A RUSSIAN insecurity outfit has managed to create a zero day exploit for Firefox 3.6 under Windows.
The exploit allows attackers to remotely gain control of a Windows PC thanks to a previously unknown flaw in the Windows version of the Firebadger 3.6 browser software.
Intevydis develops the commercial VulnDisco add-on for the Canvas exploit toolkit that's marketed by the vendor Immunity.
Writing at the company's online forum, Intevydis developer Evgeny Legerov said that his exploit for Windows XP (SP3) and Vista is quite reliable. He said it was an interesting challenge to find the buffer overflow flaw and work out a way to exploit it.
The Mozilla Foundation knows about the exploit but has not made an official statement on it yet and has not released a patch for Firefox 3.6 so far. Secunia says the problem is critical.

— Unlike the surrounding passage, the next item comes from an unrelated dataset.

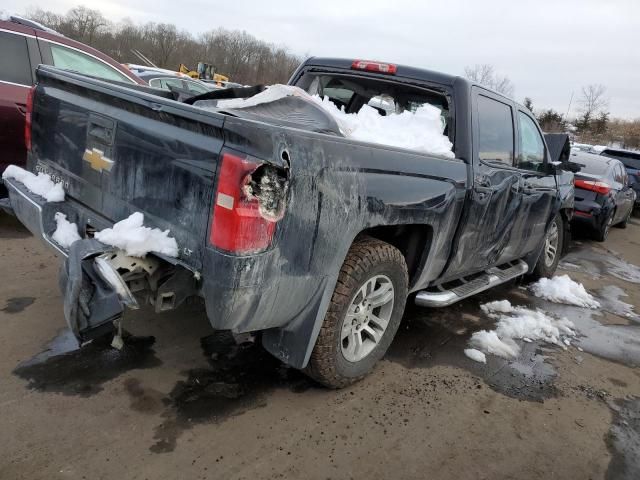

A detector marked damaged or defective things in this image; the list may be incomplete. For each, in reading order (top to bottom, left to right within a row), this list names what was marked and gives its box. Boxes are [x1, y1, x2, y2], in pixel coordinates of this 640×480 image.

damaged pickup truck rear [1, 58, 568, 388]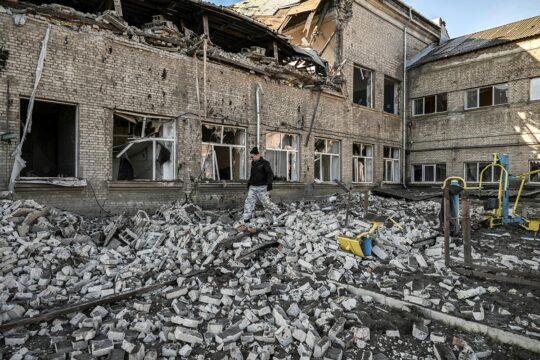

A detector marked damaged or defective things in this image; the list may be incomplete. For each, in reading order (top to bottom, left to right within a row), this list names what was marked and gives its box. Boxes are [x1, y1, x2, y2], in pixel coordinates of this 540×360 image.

It is not clear whether the exploit was behind an increase in the number of Firefox 3.6 crashes that was noted on February 12th and 13th. While those might not have been caused by a real life exploit, they could have been due to the exploit being tested. µ
What I find far more troubling here is that Secunia seems to be taking this exploit on faith alone. A number of threads (search for them, they're out there) paint VulnDisco's vendor as uncooperative with "responsible disclosure" procedures, and why not? After all, this is a commercial vendor with a product to sell; though, perhaps it's worth noting that apparently someone *already purchased the product and was unable to reproduce the issue on 3.6*. The impropriety of this operation is already being called into question. Perhaps if I submit a report to Secunia of - let's say - Opera being critically insecure with a potential remote execution vector via a buffer overflow, I can get it published too? After all, I sell a commercial vulnerability discovery pack and can't POSSIBLY be in it for the money. This seems to be going awfully far for not having any real proof.
http://secunia.com/advisories/38608/
http://secunia.com/community/forum/thread/show/3592
Does that mean it's real, or are they taking it on trust from the original report by A. Random Hacker?
To all you linux experts. I'm running Linux ubantu on top of or within Win7 using WUBI. Is that safe enough to by pass all these exploits when running FFox in Linux.
Since it is a 'windows' only flaw, having to do with buffer overflow...
with its history of never having really fixed the buffer over flow problem (windows, that is)
should this not be another WINDOWS BUFFER OVERFLOW PROBLEM??
Firefox just happened to be the one that triggered the rediscovery.
Good thing i still use 3.0.xx then, seems this won't effect me!